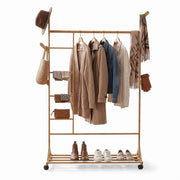 Floor Standing Multifunctional Coat & Clothes Rack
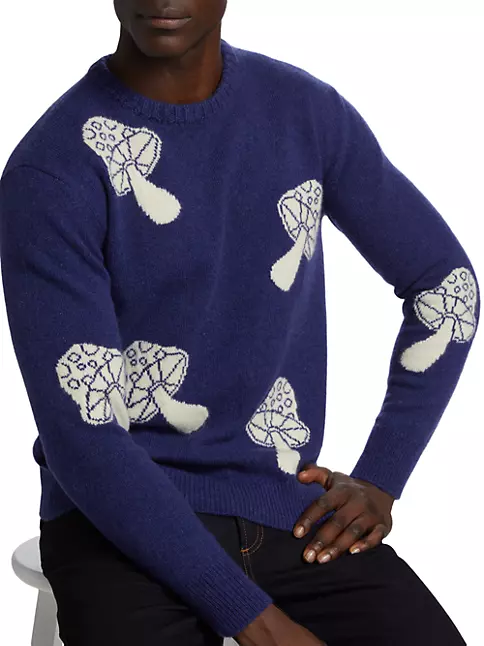 LV Butterflies Crewneck Sweatshirt - Luxury Blue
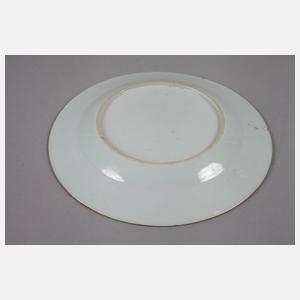 Zierteller Famille rose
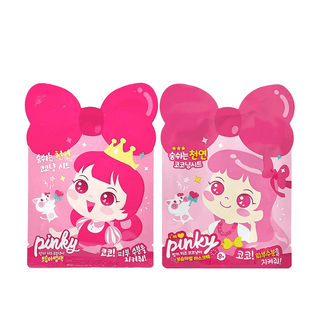 Korean Skincare - Kbeauty - [I'M PINKY] Pinky Kids Moisture Sheet Mask 15m * 1pcs 2 Type - Hohtava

# What to do
These lines alone form the answer: the one containing "LV Butterflies Crewneck" and every line after it through the end of the material, exactly as written, pictures left out.

# The answer
 LV Butterflies Crewneck Sweatshirt - Luxury Blue
 Zierteller Famille rose
 Korean Skincare - Kbeauty - [I'M PINKY] Pinky Kids Moisture Sheet Mask 15m * 1pcs 2 Type - Hohtava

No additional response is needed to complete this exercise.